Is Trussonomics making a comeback? That’s the suggestion today, as Jeremy Hunt was recorded on the campaign trail telling students that Liz Truss’s goals for the economy were a ‘good thing to aim for’. As Chancellor, he said, he was ‘trying to basically achieve some of the same things’ as Truss, but ‘more gradually’ compared to the former prime minister’s timeline.
Is this a gotcha moment? Labour think so, insisting that Hunt’s comments show an ongoing ‘addiction to dangerous Trussonomics’. It’s a stretch, not least because Hunt is credited with undoing almost every part of Truss’s so-called mini-Budget, when he replaced Kwasi Kwarteng as Chancellor just weeks into her premiership. Hunt is better described as the executioner of Trussonomics than its saviour.

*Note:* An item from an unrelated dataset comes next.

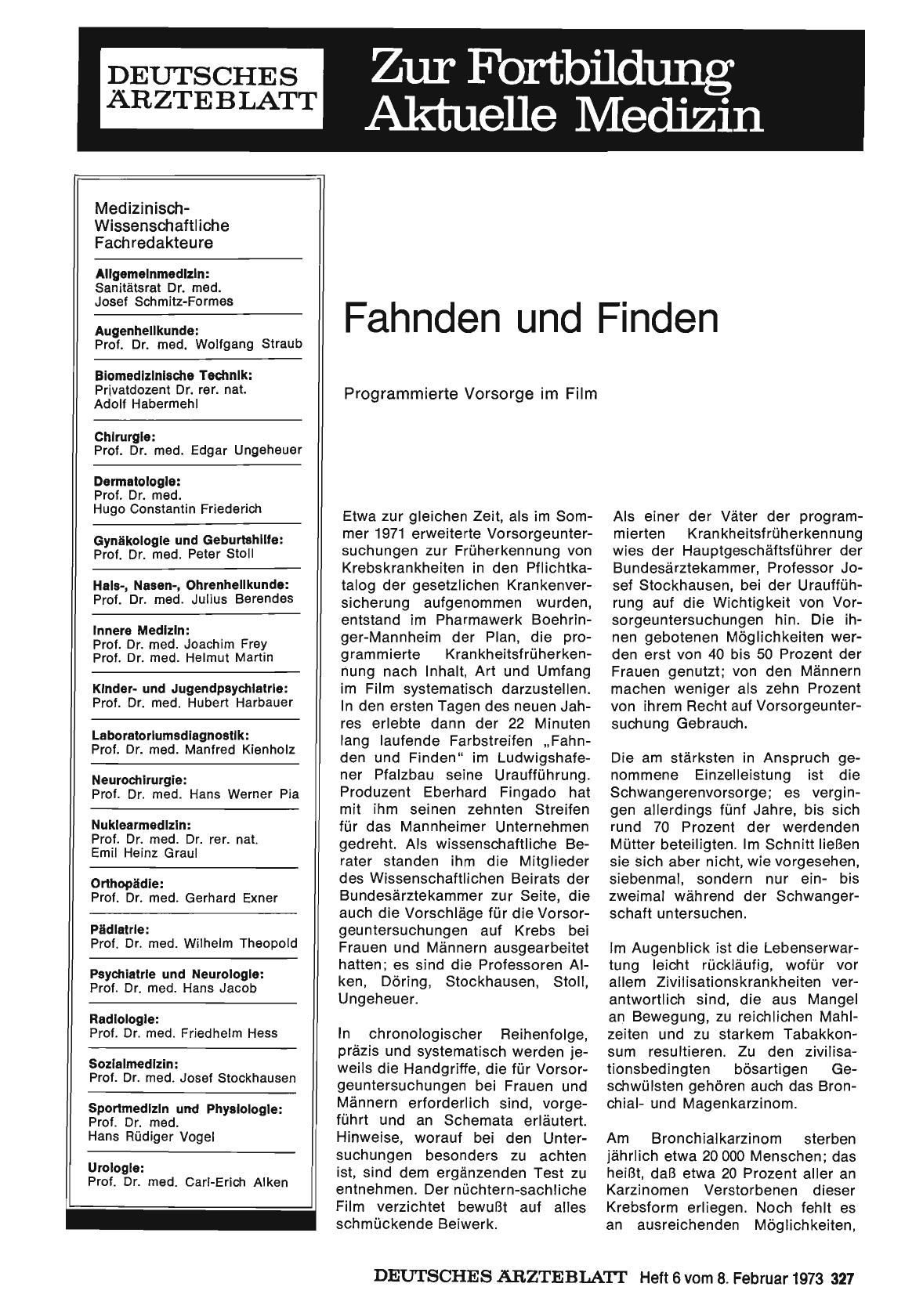 Vorschauseite 1: Fahnden und Finden: Programmierte Vorsorge im Film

If Hunt is guilty of leaning into the Truss agenda, Labour are even bigger culprits
Still, Truss and her ideas are a very active part of this campaign – and not just because she remains Labour’s favourite talking point in debates. Economic growth has become the dominant policy promise in this election. It is how both the Tories and Labour insist they will continue to support public services and get the tax burden down (in the long run). If Hunt is guilty of leaning into the Truss agenda, Labour are even bigger culprits. Chunks of the party’s manifesto, including its chapter ‘Kickstart economic growth’ read like an ode to Truss’s economic outlook: that growth is not just one solution, but the only solution, to increasing and sustaining prosperity.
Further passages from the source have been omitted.